Docker Multi-Stage Builds

One of the most anticipated features of Docker’s recent 17.05 release is multi-stage builds. Even those familiar with Docker may find themselves asking what a multi-stage Docker build is. Before we learn about multi-stage Docker builds, lets examine a single-stage build and the process by which Docker uses Dockerfile instructions to create an image.

Codefresh supports multi-stage builds as part of the pipeline. Add a Dockerfile and try it out.

Dockerfiles

Docker uses a special text file called a Dockerfile. Dockerfiles use a DSL to describe how to build a Docker image. This DSL is actually a series of commands that, when executed, assemble a Docker image. Users can issue the docker build command against the Dockerfile to perform an automated build that executes these command-line instructions in succession.
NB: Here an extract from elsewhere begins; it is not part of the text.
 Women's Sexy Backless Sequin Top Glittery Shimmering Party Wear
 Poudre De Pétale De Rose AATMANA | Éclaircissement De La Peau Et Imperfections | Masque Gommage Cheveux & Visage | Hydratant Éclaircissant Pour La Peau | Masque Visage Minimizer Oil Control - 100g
These special Dockerfile instructions direct the Docker builder to create a Docker image exactly as you specify. They determine exactly which file system, application, files, and ultimately what running processes will make up the eventual running container spawned from the Docker image.

FROM golang:1.8
MAINTAINER codefresh.io

WORKDIR /go/src/myapp
COPY app.go .

# build
RUN go build -o app .

CMD ["./app"]

Dockerfiles always begin with the FROM instruction, which sets the base image on which to run all subsequent commands. The base image can be any valid Docker image that has been custom created or pulled from public repositories. Subsequent commands like COPY and RUN define not only what the image is to contain, but more frequently command line steps to derive your final application run state.

For example, by using the Golang “SDK” image, a user may copy in their source code and perform a build all inside the Dockerfile, resulting in a convenient single image. Unfortunately, the size of the resulting image frequently ends up ballooning to over 700MB. If your application is deployed using several or more Docker images, this can be a serious problem.

Image Construction

Docker images are made up of a series of union file system layers, the technical storage underpinnings of which is determined by the storage driver. Each executed instruction within a Dockerfile resides in its own layer of the final Docker image. The first layer will always be the inherited base image, as defined by the FROM instruction. Each subsequent layer will store your application, files, etc.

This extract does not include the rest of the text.